The facts in Lucasfilm
6 have made it a cause célèbre, not only in academic journals and seminars, but also in tabloid newspapers. The parties were involved in the production of the first of the original Star Wars film trilogy. Mr Ainsworth, an expert in the vacuum moulding of plastics, produced the helmets and armour worn in the film by the Imperial Stormtrooper characters, drawing inspiration for this purpose from drawings and a clay model created by other artists commissioned by Lucasfilm. In 2004, Mr Ainsworth used his original tools to make replica helmets and armour for sale to the public, including in the United States. His sales in the US totalled between US$8,000 and US$30,000. Lucasfilm objected to Mr Ainsworth’s commercial exploitation of his original work.
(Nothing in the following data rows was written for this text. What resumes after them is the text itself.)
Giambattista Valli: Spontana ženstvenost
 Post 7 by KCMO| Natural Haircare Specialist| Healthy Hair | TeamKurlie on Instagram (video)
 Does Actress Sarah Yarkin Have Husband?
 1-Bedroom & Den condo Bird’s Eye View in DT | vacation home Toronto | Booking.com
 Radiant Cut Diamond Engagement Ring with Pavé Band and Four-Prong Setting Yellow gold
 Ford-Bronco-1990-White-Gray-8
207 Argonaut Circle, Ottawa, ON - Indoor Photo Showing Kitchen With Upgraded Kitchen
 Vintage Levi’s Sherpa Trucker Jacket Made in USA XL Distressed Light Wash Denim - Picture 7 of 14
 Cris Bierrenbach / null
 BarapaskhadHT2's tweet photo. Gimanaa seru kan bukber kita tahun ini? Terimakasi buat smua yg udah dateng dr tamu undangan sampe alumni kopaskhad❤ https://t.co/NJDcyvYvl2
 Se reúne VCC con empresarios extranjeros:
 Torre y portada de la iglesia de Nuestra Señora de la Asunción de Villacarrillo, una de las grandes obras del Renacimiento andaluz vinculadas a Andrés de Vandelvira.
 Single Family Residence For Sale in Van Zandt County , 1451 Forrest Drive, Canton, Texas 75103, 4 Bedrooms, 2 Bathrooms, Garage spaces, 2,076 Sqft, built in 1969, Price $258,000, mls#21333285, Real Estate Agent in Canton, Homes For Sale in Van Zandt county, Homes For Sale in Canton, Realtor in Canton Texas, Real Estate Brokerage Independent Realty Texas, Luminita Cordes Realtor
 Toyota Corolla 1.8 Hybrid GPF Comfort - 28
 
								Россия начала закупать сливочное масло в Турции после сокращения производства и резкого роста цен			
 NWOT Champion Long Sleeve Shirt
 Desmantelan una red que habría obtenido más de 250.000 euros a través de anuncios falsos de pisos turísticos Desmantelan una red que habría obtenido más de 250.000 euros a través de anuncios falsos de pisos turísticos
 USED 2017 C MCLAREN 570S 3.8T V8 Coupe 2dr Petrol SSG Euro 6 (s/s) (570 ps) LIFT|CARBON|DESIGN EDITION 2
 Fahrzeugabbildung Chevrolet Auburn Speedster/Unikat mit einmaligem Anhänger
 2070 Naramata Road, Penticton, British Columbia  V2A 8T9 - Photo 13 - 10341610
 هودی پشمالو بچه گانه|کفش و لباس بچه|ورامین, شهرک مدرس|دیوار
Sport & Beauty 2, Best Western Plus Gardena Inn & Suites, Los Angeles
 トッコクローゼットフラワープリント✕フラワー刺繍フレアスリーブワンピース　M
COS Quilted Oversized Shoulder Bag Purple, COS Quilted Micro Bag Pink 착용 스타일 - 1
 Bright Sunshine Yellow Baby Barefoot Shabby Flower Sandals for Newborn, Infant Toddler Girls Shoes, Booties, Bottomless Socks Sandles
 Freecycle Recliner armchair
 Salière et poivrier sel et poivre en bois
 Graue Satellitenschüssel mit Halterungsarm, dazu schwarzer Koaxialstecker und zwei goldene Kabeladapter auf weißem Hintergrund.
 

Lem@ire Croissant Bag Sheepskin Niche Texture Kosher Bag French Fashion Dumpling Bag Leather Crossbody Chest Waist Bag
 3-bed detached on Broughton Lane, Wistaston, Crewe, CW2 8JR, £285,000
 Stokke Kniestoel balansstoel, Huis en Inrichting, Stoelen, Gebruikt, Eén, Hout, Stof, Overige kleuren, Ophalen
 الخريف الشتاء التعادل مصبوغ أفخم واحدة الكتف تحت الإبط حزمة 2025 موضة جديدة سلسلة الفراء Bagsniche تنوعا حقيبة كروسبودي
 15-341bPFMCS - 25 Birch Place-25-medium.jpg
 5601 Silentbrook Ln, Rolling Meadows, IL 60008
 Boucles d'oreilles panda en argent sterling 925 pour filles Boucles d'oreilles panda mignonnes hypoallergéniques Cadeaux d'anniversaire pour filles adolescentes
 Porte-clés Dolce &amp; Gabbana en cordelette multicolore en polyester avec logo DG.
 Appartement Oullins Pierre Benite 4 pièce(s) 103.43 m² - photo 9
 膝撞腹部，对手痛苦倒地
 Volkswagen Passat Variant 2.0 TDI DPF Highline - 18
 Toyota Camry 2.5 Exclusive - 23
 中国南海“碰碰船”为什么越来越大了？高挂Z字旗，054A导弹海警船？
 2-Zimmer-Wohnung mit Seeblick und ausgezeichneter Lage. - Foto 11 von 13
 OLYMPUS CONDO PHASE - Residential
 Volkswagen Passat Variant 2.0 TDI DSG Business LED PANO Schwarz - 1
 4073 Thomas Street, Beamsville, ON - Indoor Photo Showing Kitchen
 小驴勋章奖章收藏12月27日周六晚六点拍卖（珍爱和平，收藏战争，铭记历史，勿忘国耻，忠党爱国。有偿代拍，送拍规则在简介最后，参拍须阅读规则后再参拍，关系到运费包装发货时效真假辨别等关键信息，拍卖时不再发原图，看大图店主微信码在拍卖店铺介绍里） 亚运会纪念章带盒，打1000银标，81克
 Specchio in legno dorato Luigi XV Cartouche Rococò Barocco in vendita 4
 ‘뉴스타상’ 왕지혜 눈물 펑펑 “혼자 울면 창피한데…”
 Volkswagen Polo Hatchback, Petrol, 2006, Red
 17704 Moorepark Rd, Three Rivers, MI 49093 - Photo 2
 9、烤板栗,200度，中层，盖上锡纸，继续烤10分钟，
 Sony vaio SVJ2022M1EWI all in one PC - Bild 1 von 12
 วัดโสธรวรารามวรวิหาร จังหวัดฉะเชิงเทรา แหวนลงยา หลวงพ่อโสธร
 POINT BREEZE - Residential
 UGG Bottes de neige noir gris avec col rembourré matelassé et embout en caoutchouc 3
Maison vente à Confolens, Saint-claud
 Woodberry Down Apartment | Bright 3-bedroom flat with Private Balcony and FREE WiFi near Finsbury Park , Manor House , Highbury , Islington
It brought proceedings in California, obtaining a default judgment for US$20 million, half
1.(1906) 3 CLR 479 (a patent case).
2.See Lucasfilm Ltd v Ainsworth [2011] UKSC 39; [2011] 3 WLR 487, [68] (Lords Walker and Collins), referring to Def Lepp Music v Stuart-Brown [1986] RPC 273; Tyburn Productions Ltd v Conan Doyle [1991] Ch 75.
3.See, eg, R Griggs Group Ltd v Evans & Ors (No.2) [2004] EWHC 1088 (Ch); [2005] Ch 153; Crosstown Music Company 1, LLC v Rive Droite Music Ltd & Ors [2010] EWCA Civ 1222; [2011] FSR 5.
4.[2009] EWCA Civ 1328; [2010] 1 Ch 503 (hereafter “Lucasfilm CA”); noted A Dickinson [2010] LMCLQ 181.
5.[2011] UKSC 39; [2011] 3 WLR 487 (hereafter “Lucasfilm SC”). The paragraph references in this note are to the transcript available on the Supreme Court’s website, www.supremecourt.gov.uk/docs/UKSC_ 2010_0015_Judgment.pdf (and not to the Weekly Law Report version, in which para.76 is missing).